BEGIN Information given

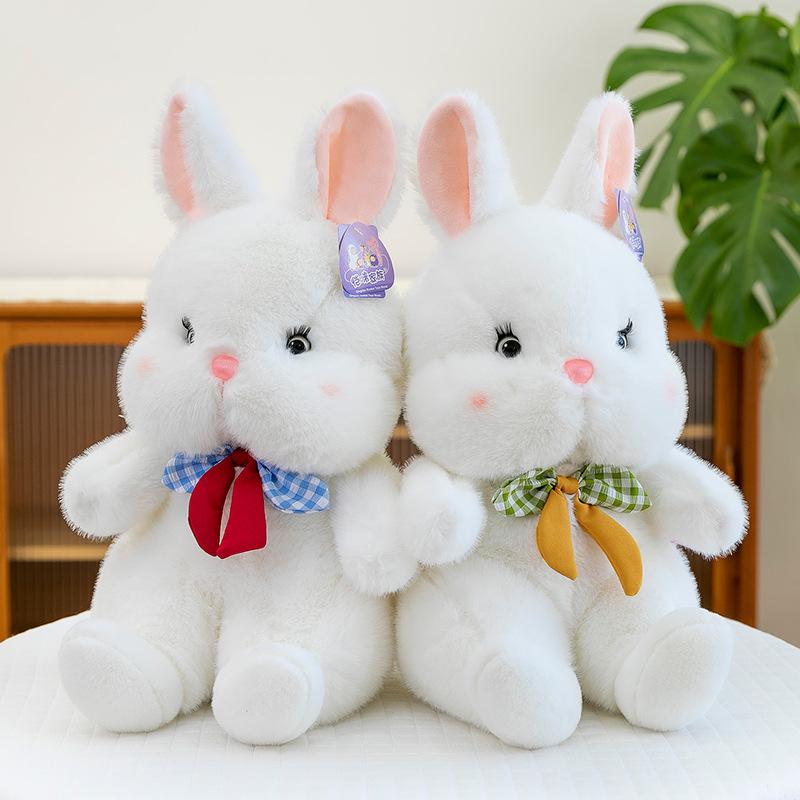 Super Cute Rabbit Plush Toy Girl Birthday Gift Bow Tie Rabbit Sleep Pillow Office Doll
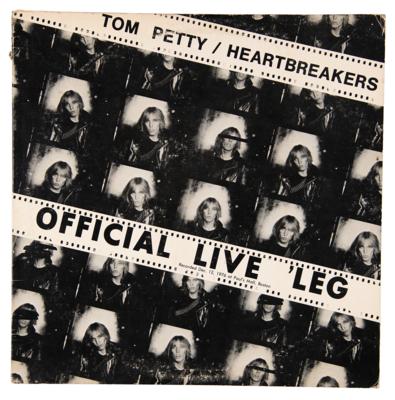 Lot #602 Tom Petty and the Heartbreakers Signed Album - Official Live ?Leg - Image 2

END Information given
BEGIN Information given

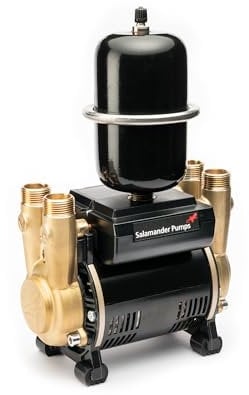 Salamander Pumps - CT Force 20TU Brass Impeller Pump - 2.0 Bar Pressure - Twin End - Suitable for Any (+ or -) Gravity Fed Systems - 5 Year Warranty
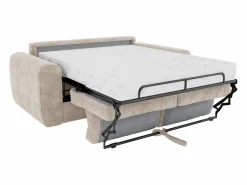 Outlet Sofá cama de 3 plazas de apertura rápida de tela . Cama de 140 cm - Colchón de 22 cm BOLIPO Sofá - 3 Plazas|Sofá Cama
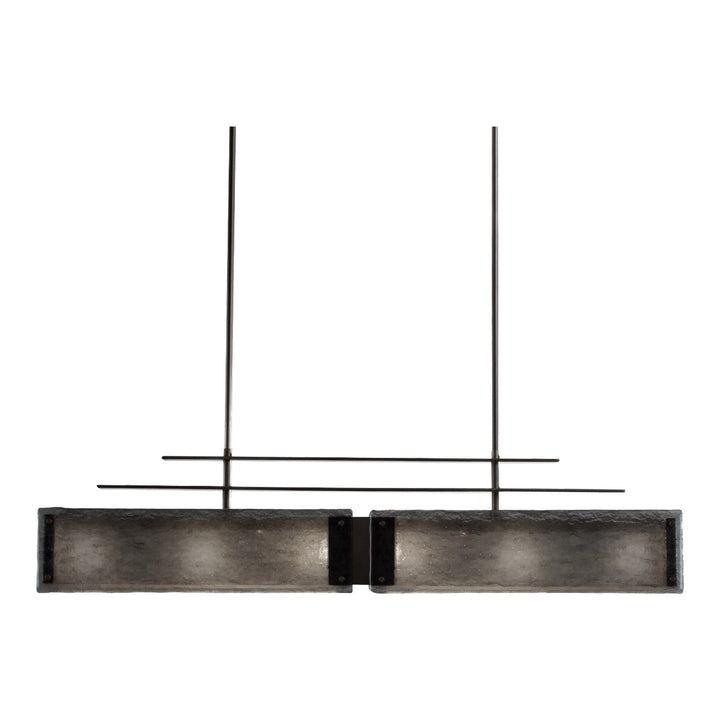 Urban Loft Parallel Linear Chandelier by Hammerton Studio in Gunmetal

END Information given

▸ What to produce
Everything above from the line with "Outlet Sofá cama" through the line with "Urban Loft Parallel" should be retyped exactly, and nothing else; omit pictures.

▸ Your response
 Outlet Sofá cama de 3 plazas de apertura rápida de tela . Cama de 140 cm - Colchón de 22 cm BOLIPO Sofá - 3 Plazas|Sofá Cama
 Urban Loft Parallel Linear Chandelier by Hammerton Studio in Gunmetal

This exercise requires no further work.